Allied Media Projects (AMP) advances media strategies for a more just, creative and collaborative world. For more than fifteen years, AMP has hosted the annual Allied Media Conference, where media activists and educators converge from around North America to share skills in media production, democratic education, and community organizing for social justice.
Since relocating to Detroit, MI from Bowling Green, OH in 2006, AMP has offered year-round support to Detroit educators and activists wanting to integrate digital media skills into their work for community transformation. We belong to a sprawling network of Detroit community leaders who are taking up the task to “create the world anew,” as philosopher/activist Grace Lee Boggs has articulated it--building new forms of education and economic development in the shell of Detroit’s post-industrial systems.
The community AMP serves is both local and national. Approximately 35% of the 2,000 Allied Media Conference participants come from the City of Detroit. The other 65% come from more than 200 different towns and cities. A majority of participants in AMP programs are people of color from low-income communities. A majority are women and approximately 25% are under 21. A significant percentage identify as lesbian, gay, bisexual, transgendered or queer. Every year AMP makes its programs more accessible to parents, people with disabilities, non-English speakers, and people of all ages and genders. Accessibility is one of our core practices because we believe our movements suffer without the contributions of people most marginalized by the current power structures.

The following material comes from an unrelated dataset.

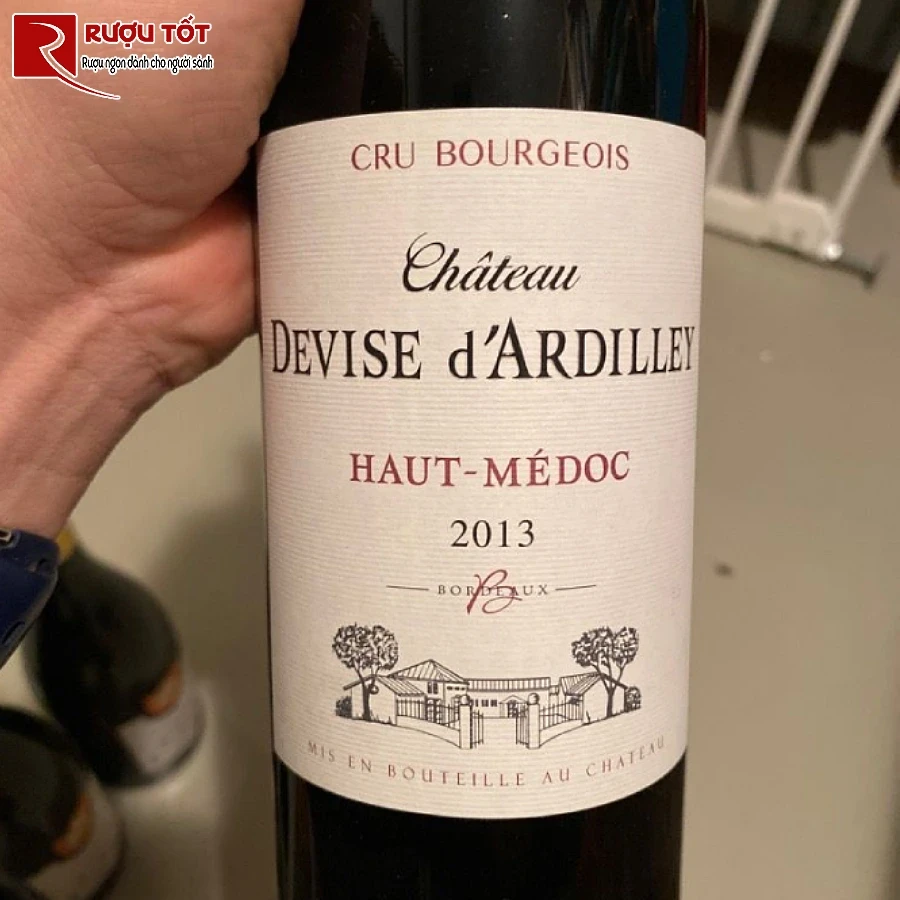 ruou chateau devise d'ardilley cru bourgeois 14% 750ml dang cap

AMP’s dual identity as a local and national organization is one of its greatest strengths, as people from other cities increasingly want to learn from the models of community problem-solving emerging at Detroit's grassroots.
BTOP, DFM & DFS
In 2009, coming out of the Allied Media Conference, AMP launched the Detroit Digital Justice Coalition as a collaborative effort to secure a federal broadband adoption grant aimed at closing the digital divide in Detroit. The grant was secured in 2010 awarding Detroit $1.8 million. AMP expanded its programs to include local trainings for Detroiters. These trainings carried the spirit and skills of the annual Allied Media Conference into the work for community revitalization that was prevalent in Detroit. These programs became Detroit Future Media and Detroit Future Schools. Through DFM, AMP developed a pool of digital media artists who not only had the skills to produce high quality media, but to bring media-based organizing methods into classrooms, small businesses and community organizations throughout the city.
Several of the artists emerging from DFM then became the artists for Detroit Future Schools. In the summer of 2011, a call for teachers was put out and from the 28 applications received, 12 teachers were selected and paired with the 8 DFM artists.
While Detroit has a number of long-standing arts-integration programs, such as Living Arts, Inside Out Literary Arts and Y-Arts, no other educational organization in Detroit merges digital media arts with critical pedagogy, community-school interaction and documentation and evaluation at all levels of our programming. DFS is also unique for the support it provides not only to students but also to teachers learning new and challenging pedagogy.
In many of the 12 classrooms of our inaugural year, we saw increases in student attendance, test scores and overall engagement. Even more profound than these baseline metrics were the transformation we saw in students’ sense of ownership of their education and by extension, their lives and the fate of their communities. In one DFS classroom students successfully organized a “freedom school” in the park across the street from their school to protest injustices within the school and project a vision for what real education could look like. In a student interview, the 11th grader stated that his classroom was different than others in his school because “it makes me feel more human.”